We had an issue with our ingestion process that would result in partitions being added to a table in Hive, but the path in HDFS didn't actually exist. We've fixed that issue, but we still have these bad partitions. When querying these tables using Tez, we get FileNotFound exception, pointing to the location in HDFS that doesn't exist. If we use MR instead of Tez, the query works (which is very confusing to me), but it's too slow.
Is there a way to list all the partitions that have this probem?

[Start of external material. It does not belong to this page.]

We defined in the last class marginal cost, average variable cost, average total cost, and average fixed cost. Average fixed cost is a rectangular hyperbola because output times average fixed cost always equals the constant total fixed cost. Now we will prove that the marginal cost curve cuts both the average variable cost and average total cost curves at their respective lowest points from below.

MSCK REPAIR seems to handle the opposite problem, where the data exists in HDFS but there is no partition in Hive.
EDIT: More info.
Here's the output of the file not found exception:
java.io.FileNotFoundException: File hdfs://<server>/db/tables/2016/03/14/mytable does not exist.
If I run show partitions <db.mytable>, I'll get all the partitions, including one for dt=2016-03-14.
show table extended like '<db.mytable>' partition(dt='2016-03-14' returns the same location:
location:hdfs://server/db/tables/2016/03/14/mytable.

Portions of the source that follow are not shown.